## WHAT TO PRODUCE
Below are several entries. Transcribe exactly those lines that fall from the one with "Сіль таблетована екстра" through the one with "Angus Green Resin Bulldog Sculpture by Shaze", end lines included.

## STUDY MATERIAL
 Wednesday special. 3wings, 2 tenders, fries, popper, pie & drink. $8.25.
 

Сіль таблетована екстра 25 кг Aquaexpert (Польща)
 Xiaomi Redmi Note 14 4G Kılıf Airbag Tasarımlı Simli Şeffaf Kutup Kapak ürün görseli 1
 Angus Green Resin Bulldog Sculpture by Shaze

...

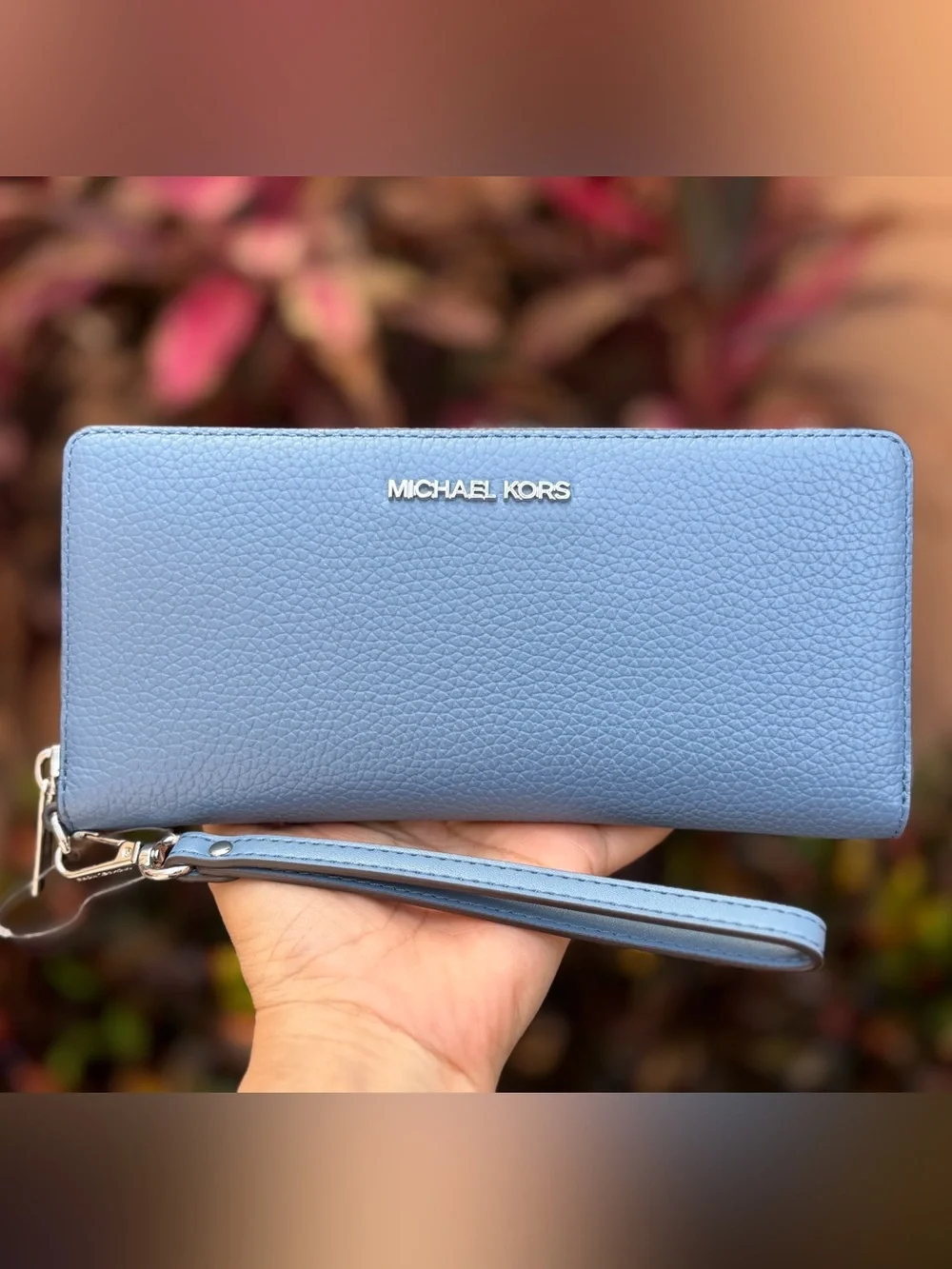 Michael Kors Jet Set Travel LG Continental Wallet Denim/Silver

## ANSWER BELOW
Сіль таблетована екстра 25 кг Aquaexpert (Польща)
 Xiaomi Redmi Note 14 4G Kılıf Airbag Tasarımlı Simli Şeffaf Kutup Kapak ürün görseli 1
 Angus Green Resin Bulldog Sculpture by Shaze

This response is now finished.